The killer – Mumtaz Qadri – was executed, but has become a cult hero with a large shrine dedicated to him on the outskirts of Islamabad.
His supporters also created a political party – campaigning to preserve the blasphemy laws – which gathered around two million votes in this year’s general election.
Two million votes for the party of murderous fanaticism – it’s tragic.
So the question is, will she be able to get out of Pakistan?
She has been offered asylum by several countries and is expected to leave the country.
Her daughter, Eisham Ashiq, had previously told the AFP news agency that if she were released: “I will hug her and will cry meeting her and will thank God that he has got her released.”
But the family said they feared for their safety and would likely have to leave Pakistan.
They will, of course. I just hope she and they can leave immediately, and will have support when they arrive. They’re not multi-lingual intellectuals, they’re farmers; moving to a foreign country is not going to be easy.
Pakistan and India sit side by side beneath the Eurasian landmass, as if in a controlled experiment on the effect of Islam on a population of a given ethnicity. Polytheist India is an economic powerhouse, while Islamic Pakistan is a basket case.
There is no pope in Islam, nor Congregation of the Doctrine of the Faith or whatever it is called. Any man straight off the street can set up shop as an imam in his own mosque, starting with a modest shopfront and expanding into something more elaborate as his congregation grows. No theological training is necessary, though a ownership of a personal copy of the Koran is probably to be recommended. Hence the competing minarets rising above Islamic cities. They are advertising structures, and their arguable western counterparts are the billboards dotted along highways or the noisy commercials that compete for the long-suffering TV viewer’s attention.
The last thing Islamic educators want to do is to train young minds in critical thinking, lest that be turned against Islam itself, which has philosophical holes in it that one could drive a truck through. eg: “In Islamic teaching, the Buraq (the creature that the prophet (Peace Be Upon Him) used for his ride) is created of light. The same is for the angels. And they went with high speed, where the starting point is their speed of light. Although the travel might seem impossible to those who hate Islam, a flight across universe with a speed that way transcends light speed makes it acceptable to those who study the relativity theory.”
Believe that sort of bullshit, and you will believe anything.
Thus it becomes true.

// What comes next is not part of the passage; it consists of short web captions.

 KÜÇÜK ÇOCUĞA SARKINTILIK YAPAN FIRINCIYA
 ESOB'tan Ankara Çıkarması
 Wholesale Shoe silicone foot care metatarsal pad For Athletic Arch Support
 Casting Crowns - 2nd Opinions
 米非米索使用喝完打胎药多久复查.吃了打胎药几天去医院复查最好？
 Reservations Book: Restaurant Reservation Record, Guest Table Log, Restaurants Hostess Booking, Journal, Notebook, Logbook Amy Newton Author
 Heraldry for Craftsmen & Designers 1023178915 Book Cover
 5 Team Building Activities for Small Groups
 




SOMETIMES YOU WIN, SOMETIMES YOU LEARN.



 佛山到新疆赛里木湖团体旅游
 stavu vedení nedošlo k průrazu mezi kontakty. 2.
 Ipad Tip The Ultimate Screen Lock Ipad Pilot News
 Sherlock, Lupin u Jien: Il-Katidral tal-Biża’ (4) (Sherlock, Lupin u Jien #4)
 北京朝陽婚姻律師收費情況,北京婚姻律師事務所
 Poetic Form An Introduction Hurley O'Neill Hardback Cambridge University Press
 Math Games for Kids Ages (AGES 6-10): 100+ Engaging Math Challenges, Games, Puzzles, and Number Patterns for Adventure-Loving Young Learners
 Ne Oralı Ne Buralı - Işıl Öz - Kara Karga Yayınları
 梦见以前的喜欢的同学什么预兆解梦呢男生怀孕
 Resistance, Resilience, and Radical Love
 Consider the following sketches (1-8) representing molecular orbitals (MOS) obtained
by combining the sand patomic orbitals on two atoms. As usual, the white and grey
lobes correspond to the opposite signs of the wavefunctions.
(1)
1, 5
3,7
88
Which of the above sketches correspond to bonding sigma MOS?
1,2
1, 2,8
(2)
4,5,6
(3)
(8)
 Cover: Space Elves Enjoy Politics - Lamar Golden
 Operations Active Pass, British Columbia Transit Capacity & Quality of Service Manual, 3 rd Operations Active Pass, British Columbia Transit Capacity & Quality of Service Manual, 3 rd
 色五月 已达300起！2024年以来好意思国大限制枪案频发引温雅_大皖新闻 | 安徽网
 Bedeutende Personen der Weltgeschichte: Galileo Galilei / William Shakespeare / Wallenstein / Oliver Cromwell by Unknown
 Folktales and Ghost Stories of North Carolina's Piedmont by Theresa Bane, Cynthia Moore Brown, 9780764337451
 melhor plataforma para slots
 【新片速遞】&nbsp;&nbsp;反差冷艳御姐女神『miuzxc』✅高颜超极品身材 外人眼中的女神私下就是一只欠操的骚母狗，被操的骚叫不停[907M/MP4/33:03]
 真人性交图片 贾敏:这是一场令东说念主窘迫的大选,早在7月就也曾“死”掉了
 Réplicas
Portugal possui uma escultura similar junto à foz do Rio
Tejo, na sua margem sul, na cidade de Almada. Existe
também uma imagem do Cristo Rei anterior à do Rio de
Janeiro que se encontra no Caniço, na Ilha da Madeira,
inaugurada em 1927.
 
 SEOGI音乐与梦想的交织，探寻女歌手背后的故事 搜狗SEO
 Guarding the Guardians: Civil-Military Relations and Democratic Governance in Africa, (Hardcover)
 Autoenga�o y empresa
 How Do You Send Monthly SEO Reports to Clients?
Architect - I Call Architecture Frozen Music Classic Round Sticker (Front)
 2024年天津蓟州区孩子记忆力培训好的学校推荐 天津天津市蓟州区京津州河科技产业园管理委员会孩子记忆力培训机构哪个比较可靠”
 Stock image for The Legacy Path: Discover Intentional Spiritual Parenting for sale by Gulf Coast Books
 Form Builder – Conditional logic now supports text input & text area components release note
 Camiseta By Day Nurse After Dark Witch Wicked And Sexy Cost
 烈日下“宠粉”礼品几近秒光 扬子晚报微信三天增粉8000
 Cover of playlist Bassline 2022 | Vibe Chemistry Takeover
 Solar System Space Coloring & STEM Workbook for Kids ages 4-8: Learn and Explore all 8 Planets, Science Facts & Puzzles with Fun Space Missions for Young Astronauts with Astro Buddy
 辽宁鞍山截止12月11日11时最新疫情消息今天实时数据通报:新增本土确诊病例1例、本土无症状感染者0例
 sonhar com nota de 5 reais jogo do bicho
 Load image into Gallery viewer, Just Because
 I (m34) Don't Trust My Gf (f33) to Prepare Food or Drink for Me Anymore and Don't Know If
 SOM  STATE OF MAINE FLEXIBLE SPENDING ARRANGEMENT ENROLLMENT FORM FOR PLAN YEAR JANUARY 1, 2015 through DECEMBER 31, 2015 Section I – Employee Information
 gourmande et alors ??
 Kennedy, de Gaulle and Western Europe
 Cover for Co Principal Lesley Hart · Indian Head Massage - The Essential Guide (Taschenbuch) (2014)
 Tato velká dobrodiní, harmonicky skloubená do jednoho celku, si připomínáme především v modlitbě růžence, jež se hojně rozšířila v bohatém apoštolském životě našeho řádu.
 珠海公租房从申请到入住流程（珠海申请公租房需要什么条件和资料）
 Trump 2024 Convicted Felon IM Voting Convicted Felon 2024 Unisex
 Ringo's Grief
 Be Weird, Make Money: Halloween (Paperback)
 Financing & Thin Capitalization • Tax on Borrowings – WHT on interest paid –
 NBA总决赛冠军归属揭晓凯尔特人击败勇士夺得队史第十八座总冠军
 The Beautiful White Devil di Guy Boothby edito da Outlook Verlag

Mohammad cruised about the Arabian Peninsula astride the winged horse Baruq, and at the end of his time on Earth flew off the Heaven upon Baruq’s back: essential belief for Muislims if Islam is to have any social traction at all.
Fanatics thrive in this sort of climate. One can only wish Asia Bibi and her family a safe passage to somewhere a bit more rational.
https://www.quora.com/What-evidence-is-there-that-Muhammad-flew-to-heaven-with-a-winged-horse?fbclid=IwAR2QMhb-Lr28lneGJ5cmBhYnrqOkGD28W88v6jNK_YBET2ZBY4gkN2_A7II
I wish you’d left out the “on a population of a given ethnicity” part.
Why?
Well, one doesn’t want to racialize Islam from the outside. Even if Islam does just that from the inside. Hirsi Ali and Irshad Manji have both described the shocking Arab racism they found in their communities.
The ‘given ethnicity’ of Serbs and Croats, divided by Orthodoxy and Catholicism, was enough to generate one of the worst genocides on record.
[My emphasis. – Omar]
In a controlled experiment, experimenters ensure that all factors save the one they are interested in are held constant. Races, ethnicities – call them what you will – exist, and it is foolish (particularly with the Nazi Holocaust in mind) to claim otherwise, or that they can not be powerful factors in social crises. If we are interested in the effect of a given religion (eg Islam) on other factors in society (eg science, economic activity) we rule out the possibility that differences in ‘race’ (however defined or euphemised) can explain any effect we see by holding ‘race’ (however defined or euphemised) constant across the survey area.
It is not rocket science. The same approach I dare say could be taken in a comparative study of Serbs and Croats, with ‘race’ (however defined or euphemised) held constant, and hopefully only religious differences left in there as variables.
And that is not ‘racism’.
Well now look at the mess you’re in. Did you mean religion, or race? Or “ethnicity”? You see the problem? They’re not all the same thing. In your first comment you apparently meant religion, so why not just say religion? In your third you defend saying “ethnicity” but talk about religion anyway. Precision is useful.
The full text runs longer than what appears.